In China, some department regulations involve M&A reviews and several
government bodies have the power to look at parts of the M&A cases.
The Ministry of Commerce (MOFCOM)) and the National Development and Reform
Commission (NDRC) are entrusted with the primary responsibility of supervising
foreign-related M&A transactions. The former is the principal foreign
investment regulator while the latter is responsible for approving the foreign
investment project application.
The nature of the target may lead to the involvement of other regulators. The
State-Owned Assets Supervision and Administration Commission plays a significant
role in transactions involving State-owned enterprises.
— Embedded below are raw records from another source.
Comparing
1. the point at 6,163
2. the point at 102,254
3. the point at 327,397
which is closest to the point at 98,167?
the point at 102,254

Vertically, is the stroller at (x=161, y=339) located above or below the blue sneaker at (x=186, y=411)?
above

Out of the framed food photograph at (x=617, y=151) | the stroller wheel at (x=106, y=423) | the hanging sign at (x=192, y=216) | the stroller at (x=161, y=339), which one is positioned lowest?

The China Securities
Regulatory Commission, which is responsible for monitoring and regulating
China's capital markets, will be involved in transactions linked to listed
companies.
There is a higher level of government participation in M&As in China than
is typical in other countries, says an official from skincare company L'Oreal,
which acquired local brand Mininurse.
"Despite the recent relaxation of foreign investment restrictions, pervasive
approval requirements remain a distinctive feature of M&A transactions in
China," says the official, who did not want to be named.
While the complicated M&A review process often scares away potential
investors, few efforts are made during the process to check whether a monopoly
is created or whether the deal threatens national security, Fei says.
"The establishment of an M&A review system and an authority will be a
base line, though it may not be frequently used."